### Exercise input
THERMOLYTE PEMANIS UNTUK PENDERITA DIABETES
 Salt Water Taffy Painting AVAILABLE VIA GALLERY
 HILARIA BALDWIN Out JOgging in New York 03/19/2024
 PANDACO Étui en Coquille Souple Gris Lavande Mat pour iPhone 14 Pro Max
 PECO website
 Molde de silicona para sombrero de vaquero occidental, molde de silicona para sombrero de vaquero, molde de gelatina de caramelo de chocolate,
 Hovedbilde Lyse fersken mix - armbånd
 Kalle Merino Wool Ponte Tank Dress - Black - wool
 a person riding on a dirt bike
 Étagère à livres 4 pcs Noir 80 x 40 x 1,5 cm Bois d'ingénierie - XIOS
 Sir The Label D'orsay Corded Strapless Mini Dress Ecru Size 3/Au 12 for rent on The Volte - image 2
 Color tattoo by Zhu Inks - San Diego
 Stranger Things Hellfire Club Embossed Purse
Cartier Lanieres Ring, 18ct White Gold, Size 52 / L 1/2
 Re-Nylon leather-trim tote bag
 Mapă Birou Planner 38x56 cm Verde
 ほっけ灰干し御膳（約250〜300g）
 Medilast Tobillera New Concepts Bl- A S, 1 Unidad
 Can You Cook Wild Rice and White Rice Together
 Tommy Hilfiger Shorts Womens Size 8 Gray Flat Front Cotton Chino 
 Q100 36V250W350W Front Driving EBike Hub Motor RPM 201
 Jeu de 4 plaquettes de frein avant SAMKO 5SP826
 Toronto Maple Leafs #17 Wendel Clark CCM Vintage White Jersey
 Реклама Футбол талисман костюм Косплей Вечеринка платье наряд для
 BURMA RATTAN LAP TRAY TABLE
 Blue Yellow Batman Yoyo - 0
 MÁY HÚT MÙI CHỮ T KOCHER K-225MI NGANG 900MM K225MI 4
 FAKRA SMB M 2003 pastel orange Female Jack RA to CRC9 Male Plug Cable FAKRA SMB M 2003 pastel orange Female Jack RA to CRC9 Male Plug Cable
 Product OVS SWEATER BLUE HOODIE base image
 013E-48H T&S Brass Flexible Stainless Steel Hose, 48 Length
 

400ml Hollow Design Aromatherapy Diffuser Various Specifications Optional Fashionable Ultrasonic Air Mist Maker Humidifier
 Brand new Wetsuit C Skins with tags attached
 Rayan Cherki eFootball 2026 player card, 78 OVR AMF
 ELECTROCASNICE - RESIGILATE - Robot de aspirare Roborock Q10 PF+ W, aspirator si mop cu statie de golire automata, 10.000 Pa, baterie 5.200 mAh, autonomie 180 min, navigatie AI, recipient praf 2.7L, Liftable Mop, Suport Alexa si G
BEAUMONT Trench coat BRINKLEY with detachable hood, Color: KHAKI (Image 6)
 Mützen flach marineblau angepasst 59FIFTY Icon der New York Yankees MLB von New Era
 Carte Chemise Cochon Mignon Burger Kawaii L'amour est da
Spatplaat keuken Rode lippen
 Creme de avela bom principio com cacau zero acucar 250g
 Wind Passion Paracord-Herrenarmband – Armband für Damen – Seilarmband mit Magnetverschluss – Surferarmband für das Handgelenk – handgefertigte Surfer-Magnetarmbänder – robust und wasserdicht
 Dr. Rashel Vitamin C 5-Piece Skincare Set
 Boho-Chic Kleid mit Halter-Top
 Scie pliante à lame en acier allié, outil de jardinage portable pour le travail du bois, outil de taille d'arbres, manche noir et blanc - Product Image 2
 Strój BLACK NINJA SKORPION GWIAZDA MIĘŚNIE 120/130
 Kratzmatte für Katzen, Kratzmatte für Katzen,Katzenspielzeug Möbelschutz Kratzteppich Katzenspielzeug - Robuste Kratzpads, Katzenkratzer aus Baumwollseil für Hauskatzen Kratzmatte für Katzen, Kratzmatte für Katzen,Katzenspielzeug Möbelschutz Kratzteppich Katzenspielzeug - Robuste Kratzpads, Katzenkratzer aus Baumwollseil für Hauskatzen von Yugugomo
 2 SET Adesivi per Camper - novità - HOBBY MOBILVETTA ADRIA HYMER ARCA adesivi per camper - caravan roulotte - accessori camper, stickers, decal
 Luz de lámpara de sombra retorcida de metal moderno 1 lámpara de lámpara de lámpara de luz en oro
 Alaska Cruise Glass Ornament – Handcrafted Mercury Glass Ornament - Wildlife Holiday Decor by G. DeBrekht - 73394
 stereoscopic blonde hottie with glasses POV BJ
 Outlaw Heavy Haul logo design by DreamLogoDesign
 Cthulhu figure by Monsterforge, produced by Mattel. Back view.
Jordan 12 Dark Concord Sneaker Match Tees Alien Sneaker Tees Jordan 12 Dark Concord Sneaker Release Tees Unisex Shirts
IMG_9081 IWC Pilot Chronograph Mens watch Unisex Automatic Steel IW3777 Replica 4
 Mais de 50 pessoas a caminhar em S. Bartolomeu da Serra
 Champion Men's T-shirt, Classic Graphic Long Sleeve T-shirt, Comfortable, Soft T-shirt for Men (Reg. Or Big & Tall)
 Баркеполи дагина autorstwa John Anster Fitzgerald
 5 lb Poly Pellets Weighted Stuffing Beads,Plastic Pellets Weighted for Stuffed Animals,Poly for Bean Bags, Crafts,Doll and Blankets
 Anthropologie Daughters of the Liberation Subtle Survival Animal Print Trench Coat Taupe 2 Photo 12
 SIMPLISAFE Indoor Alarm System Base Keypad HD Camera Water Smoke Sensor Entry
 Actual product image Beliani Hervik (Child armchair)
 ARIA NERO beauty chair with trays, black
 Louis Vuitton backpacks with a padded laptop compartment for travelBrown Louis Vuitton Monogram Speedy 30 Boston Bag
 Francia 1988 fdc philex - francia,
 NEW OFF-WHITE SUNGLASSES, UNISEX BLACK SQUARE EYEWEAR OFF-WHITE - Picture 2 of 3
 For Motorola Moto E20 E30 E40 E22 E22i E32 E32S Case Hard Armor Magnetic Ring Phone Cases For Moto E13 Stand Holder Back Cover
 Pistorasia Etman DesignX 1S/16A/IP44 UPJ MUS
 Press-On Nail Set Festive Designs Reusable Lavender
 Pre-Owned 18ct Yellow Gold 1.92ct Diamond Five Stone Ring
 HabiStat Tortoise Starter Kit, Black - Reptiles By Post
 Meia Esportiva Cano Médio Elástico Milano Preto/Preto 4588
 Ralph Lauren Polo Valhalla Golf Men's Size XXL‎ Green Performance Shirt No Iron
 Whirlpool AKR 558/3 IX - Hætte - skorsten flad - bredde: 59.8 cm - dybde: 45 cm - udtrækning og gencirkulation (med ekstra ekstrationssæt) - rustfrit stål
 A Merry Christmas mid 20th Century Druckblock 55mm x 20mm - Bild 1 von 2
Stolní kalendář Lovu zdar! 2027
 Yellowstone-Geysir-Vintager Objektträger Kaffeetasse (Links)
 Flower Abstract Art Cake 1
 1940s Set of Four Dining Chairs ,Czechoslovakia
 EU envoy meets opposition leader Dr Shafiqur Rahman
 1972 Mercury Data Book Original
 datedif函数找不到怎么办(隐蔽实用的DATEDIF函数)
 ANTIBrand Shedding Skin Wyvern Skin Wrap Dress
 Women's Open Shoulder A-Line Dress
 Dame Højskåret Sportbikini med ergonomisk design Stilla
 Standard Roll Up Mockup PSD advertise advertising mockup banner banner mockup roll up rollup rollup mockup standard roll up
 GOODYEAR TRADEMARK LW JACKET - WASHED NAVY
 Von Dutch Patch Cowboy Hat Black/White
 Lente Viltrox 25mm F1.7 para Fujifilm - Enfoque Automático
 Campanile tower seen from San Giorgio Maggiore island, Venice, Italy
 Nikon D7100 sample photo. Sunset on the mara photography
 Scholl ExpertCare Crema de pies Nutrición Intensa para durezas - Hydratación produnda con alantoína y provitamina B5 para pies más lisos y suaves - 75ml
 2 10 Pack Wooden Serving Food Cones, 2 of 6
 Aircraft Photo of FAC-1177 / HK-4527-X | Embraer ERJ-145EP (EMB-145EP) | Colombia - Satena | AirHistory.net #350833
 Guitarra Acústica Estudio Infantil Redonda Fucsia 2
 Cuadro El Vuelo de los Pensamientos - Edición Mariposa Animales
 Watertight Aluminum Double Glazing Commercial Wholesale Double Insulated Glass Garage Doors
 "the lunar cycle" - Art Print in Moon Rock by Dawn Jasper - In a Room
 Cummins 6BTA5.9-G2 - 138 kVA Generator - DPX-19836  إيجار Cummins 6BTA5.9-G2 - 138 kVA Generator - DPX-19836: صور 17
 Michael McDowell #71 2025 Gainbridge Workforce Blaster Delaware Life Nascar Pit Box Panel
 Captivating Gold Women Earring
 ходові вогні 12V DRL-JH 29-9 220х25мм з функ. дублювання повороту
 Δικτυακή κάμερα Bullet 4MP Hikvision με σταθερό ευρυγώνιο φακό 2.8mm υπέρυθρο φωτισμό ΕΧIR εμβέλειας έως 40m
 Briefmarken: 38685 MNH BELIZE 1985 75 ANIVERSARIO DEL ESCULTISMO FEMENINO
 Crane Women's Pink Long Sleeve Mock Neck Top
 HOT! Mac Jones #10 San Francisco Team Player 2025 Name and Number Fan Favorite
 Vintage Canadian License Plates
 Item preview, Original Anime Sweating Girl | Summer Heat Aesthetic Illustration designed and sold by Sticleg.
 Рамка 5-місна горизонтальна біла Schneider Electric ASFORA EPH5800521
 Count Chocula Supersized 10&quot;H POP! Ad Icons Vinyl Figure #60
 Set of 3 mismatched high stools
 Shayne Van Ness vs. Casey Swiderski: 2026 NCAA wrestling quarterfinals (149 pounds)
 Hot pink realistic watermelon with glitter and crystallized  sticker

### Problem statement
Please return exactly the lines from the opening line of the data above through the line with "Q100 36V250W350W Front", both included and nothing else.

### Solution for this task
THERMOLYTE PEMANIS UNTUK PENDERITA DIABETES
 Salt Water Taffy Painting AVAILABLE VIA GALLERY
 HILARIA BALDWIN Out JOgging in New York 03/19/2024
 PANDACO Étui en Coquille Souple Gris Lavande Mat pour iPhone 14 Pro Max
 PECO website
 Molde de silicona para sombrero de vaquero occidental, molde de silicona para sombrero de vaquero, molde de gelatina de caramelo de chocolate,
 Hovedbilde Lyse fersken mix - armbånd
 Kalle Merino Wool Ponte Tank Dress - Black - wool
 a person riding on a dirt bike
 Étagère à livres 4 pcs Noir 80 x 40 x 1,5 cm Bois d'ingénierie - XIOS
 Sir The Label D'orsay Corded Strapless Mini Dress Ecru Size 3/Au 12 for rent on The Volte - image 2
 Color tattoo by Zhu Inks - San Diego
 Stranger Things Hellfire Club Embossed Purse
Cartier Lanieres Ring, 18ct White Gold, Size 52 / L 1/2
 Re-Nylon leather-trim tote bag
 Mapă Birou Planner 38x56 cm Verde
 ほっけ灰干し御膳（約250〜300g）
 Medilast Tobillera New Concepts Bl- A S, 1 Unidad
 Can You Cook Wild Rice and White Rice Together
 Tommy Hilfiger Shorts Womens Size 8 Gray Flat Front Cotton Chino 
 Q100 36V250W350W Front Driving EBike Hub Motor RPM 201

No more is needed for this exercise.